Does Uber ever make exceptions to the age limits on cars ?
Has anyone had any luck with that by going to the local office / other trick to getting this approved ?


----------



## freeFromUber (Mar 1, 2016)

I don't think there is a way around it. I drive a 2003 Acura MDX and I was deactivated on March 1st. After several emails back and forth with the lack-of-support team,and many conflicting and idiotic replys, I went to the local uber office. They told me it was the insurance company's requirement and there is nothing they can do....now they bomb me with messages about leasing a car through uber....NO THANK YOU!! 
The whole thing smells like BS to me.


----------



## Newwber (Dec 11, 2015)

I tried for months to get an exception for my 190,xxx mile 2003 525i that was in great shape..... had a clean bill of health from my mechanic that I was willing to fax to whomever.... no luck. They seem to be on a rolling 10 year age limitation, so I'm wondering when they will start requiring 2006 as the oldest car. freeFromUber..... they just deactivated a 2003??? so that sounds like you do get grandfathered in for a while......


----------



## CIncinnatiDriver (Dec 17, 2015)

Yep. I'm sure of that.


----------



## freeFromUber (Mar 1, 2016)

They do require 2006 or newer in my market for any car new on the platform. You can still drive an '04 or '05 if it was already on their platform. They told me their insurance company gave them the 2 month grace period, and it could not be extended.
I started driving with my '03 car in August of 2015.


----------



## Frontier Guy (Dec 27, 2015)

In Denver, it's supposed to be 10 yrs as well, based on the requirement from the PUC for Taxi/Limo. But, there are dozens of Taxis running around well beyond that 10 yr limit, I thought I saw somewhere that they had extended it out to 12 yrs in some markets.


----------



## KevRyde (Jan 27, 2015)

Frontier Guy said:


> In Denver, it's supposed to be 10 yrs as well, based on the requirement from the PUC for Taxi/Limo.


In Colorado, A PUC permit is only required for UberBlack. Model year 2001 or newer vehicles are eligible for UberX.

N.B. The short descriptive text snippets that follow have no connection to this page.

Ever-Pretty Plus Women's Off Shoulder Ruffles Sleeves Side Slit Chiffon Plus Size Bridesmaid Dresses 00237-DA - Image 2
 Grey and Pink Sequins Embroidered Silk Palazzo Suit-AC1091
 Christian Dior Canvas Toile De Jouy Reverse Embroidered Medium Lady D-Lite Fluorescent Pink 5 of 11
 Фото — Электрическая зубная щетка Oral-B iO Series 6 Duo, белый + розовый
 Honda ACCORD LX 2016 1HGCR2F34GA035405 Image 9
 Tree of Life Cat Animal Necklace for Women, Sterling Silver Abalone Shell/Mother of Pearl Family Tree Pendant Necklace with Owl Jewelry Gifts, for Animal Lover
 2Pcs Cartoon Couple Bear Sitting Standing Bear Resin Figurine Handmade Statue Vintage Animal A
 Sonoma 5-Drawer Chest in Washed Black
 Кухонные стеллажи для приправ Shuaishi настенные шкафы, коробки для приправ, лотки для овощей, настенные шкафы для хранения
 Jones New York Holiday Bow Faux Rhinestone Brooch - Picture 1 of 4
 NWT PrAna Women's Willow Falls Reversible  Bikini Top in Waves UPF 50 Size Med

http://uberxcolorado.com/drive/?page_id=564


----------



## Frontier Guy (Dec 27, 2015)

That's what I meant by they extended it out. When I first signed up, I was told 10 yrs or newer, then suddenly I was told it was 2001 and newer. I think it's all based on the PUC requirement for vehicle age, not the permit.


----------



## tohunt4me (Nov 23, 2015)

CIncinnatiDriver said:


> I have a 2003 car.
> Does Uber ever make exceptions to the age limits on cars ?
> Has anyone had any luck with that by going to the local office / other trick to getting this approved ?


Some city's impose an age limit.
New Orleans is 7 years NOT 10.
The taxi drivers are trying to get it bumped up to 8 years.
Anything older than 7 years is not allowed here.
Uber Black can only be 2 years old here.
2 years then you have to swap out.


----------



## tohunt4me (Nov 23, 2015)

If you Uber full time, 4 years should be old enough.


----------



## Bill Collector (Dec 17, 2015)

2001 or newer in my market.


----------